[Start of Attachment]

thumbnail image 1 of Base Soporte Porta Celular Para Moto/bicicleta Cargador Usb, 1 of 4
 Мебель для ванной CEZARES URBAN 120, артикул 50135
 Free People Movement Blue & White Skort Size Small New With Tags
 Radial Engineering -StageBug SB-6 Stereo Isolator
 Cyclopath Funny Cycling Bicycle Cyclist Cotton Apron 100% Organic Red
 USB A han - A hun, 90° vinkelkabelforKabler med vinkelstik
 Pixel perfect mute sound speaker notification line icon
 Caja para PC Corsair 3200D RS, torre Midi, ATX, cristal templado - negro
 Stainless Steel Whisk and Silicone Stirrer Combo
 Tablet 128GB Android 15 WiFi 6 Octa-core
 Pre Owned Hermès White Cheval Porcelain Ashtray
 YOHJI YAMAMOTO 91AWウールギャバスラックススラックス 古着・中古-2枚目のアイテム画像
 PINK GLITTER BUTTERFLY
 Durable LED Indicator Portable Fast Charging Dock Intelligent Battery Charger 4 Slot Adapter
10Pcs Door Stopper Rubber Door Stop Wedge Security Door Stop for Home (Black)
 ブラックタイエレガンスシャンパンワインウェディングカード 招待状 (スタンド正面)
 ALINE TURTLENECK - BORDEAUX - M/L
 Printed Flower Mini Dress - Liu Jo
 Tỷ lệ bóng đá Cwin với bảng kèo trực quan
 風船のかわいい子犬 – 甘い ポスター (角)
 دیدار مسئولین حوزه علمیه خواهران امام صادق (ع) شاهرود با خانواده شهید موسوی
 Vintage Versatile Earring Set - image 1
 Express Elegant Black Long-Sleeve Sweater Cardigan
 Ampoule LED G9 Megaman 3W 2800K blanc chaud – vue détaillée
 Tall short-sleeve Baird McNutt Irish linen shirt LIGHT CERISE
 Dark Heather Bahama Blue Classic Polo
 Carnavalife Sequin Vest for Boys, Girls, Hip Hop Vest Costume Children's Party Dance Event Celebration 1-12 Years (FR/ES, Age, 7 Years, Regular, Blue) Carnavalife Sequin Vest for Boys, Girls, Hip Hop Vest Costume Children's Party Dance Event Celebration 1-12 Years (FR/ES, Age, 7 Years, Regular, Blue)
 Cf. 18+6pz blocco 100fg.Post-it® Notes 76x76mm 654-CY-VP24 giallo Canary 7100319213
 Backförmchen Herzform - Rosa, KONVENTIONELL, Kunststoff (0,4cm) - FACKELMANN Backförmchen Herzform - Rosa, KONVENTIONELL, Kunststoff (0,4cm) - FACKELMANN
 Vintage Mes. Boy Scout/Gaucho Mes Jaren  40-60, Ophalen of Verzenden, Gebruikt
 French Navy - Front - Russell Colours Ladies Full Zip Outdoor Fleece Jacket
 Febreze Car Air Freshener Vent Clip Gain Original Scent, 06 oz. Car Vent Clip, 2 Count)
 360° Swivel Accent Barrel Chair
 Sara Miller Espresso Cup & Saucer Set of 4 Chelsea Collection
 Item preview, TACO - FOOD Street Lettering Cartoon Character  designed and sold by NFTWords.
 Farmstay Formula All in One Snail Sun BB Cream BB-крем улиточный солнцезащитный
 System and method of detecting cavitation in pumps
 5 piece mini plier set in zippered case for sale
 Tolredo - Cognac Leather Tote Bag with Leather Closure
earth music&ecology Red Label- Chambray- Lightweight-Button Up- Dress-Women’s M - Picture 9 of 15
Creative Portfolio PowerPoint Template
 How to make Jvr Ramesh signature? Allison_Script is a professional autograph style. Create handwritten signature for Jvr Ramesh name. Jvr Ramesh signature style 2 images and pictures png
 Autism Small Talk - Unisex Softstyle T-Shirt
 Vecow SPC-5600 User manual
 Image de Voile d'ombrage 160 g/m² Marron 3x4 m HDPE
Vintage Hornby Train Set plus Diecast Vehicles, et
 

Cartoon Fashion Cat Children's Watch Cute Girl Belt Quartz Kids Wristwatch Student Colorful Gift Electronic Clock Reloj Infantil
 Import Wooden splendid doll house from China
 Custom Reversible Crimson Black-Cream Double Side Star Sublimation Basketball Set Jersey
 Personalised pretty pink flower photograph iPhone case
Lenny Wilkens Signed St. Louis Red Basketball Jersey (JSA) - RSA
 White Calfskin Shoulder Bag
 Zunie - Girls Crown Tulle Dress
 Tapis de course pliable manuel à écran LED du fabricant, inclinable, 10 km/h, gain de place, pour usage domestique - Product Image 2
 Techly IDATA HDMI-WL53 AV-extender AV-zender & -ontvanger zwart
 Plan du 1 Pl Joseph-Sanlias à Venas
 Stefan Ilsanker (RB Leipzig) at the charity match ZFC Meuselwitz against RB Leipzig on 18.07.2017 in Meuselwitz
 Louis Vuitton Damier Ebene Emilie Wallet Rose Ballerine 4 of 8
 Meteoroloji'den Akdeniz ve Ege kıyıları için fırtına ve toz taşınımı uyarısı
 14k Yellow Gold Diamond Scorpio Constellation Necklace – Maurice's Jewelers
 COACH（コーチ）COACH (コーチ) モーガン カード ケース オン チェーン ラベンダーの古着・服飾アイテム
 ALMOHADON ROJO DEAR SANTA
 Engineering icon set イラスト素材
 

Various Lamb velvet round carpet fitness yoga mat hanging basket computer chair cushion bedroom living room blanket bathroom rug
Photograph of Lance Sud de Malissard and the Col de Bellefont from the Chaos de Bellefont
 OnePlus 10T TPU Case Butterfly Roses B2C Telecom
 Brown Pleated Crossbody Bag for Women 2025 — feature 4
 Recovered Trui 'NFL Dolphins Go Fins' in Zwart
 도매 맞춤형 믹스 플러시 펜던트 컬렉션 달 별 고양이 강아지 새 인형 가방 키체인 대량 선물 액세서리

[End of Attachment]

• Work to complete: Repeat, exactly as they stand above, the lines from the line with "Pixel perfect mute" to the line with "風船のかわいい子犬 – 甘い ポスター (角)", both lines included.

• Result:
 Pixel perfect mute sound speaker notification line icon
 Caja para PC Corsair 3200D RS, torre Midi, ATX, cristal templado - negro
 Stainless Steel Whisk and Silicone Stirrer Combo
 Tablet 128GB Android 15 WiFi 6 Octa-core
 Pre Owned Hermès White Cheval Porcelain Ashtray
 YOHJI YAMAMOTO 91AWウールギャバスラックススラックス 古着・中古-2枚目のアイテム画像
 PINK GLITTER BUTTERFLY
 Durable LED Indicator Portable Fast Charging Dock Intelligent Battery Charger 4 Slot Adapter
10Pcs Door Stopper Rubber Door Stop Wedge Security Door Stop for Home (Black)
 ブラックタイエレガンスシャンパンワインウェディングカード 招待状 (スタンド正面)
 ALINE TURTLENECK - BORDEAUX - M/L
 Printed Flower Mini Dress - Liu Jo
 Tỷ lệ bóng đá Cwin với bảng kèo trực quan
 風船のかわいい子犬 – 甘い ポスター (角)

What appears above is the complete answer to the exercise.